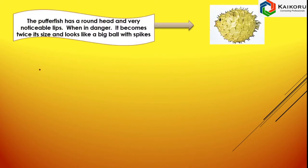This is called Puffer Fish. Its head is round and it has noticeable lips. When in danger, it becomes twice its size and it looks like a big ball with spikes.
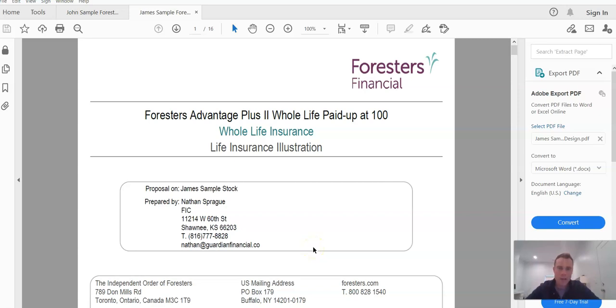Hey guys, Nathan Sprague here with Guardian Financial Group and welcome. We are back here today to talk about more about the Infinite Banking Concept.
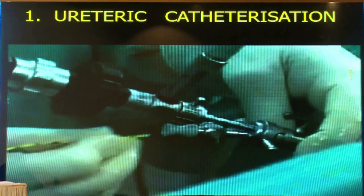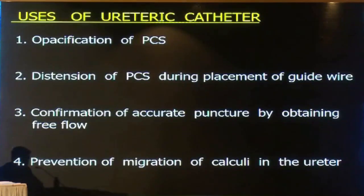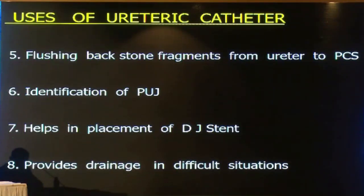Many centers say ureteric catheterization is not important, but for any case — whether redo or re-look — I always put the ureteric catheter. In my experience, it not only helps in opacification of the pelvicalisal system, it distends the system when needed, helps in guide wire placement, allows accurate puncture by obtaining free flow, prevents stone migration, and enables flushing back of stone fragments. Sometimes it is all red and edematous and you cannot identify the PUJ without a ureteric catheter inside. It also helps in cases of ureteric avulsion, providing drainage.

#### [What is expected]
Write out again every line above exactly as given; the pictures do not belong in the copy.

#### [Result for this exercise]
This is called Puffer Fish. Its head is round and it has noticeable lips. When in danger, it becomes twice its size and it looks like a big ball with spikes.
Hey guys, Nathan Sprague here with Guardian Financial Group and welcome. We are back here today to talk about more about the Infinite Banking Concept.
Many centers say ureteric catheterization is not important, but for any case — whether redo or re-look — I always put the ureteric catheter. In my experience, it not only helps in opacification of the pelvicalisal system, it distends the system when needed, helps in guide wire placement, allows accurate puncture by obtaining free flow, prevents stone migration, and enables flushing back of stone fragments. Sometimes it is all red and edematous and you cannot identify the PUJ without a ureteric catheter inside. It also helps in cases of ureteric avulsion, providing drainage.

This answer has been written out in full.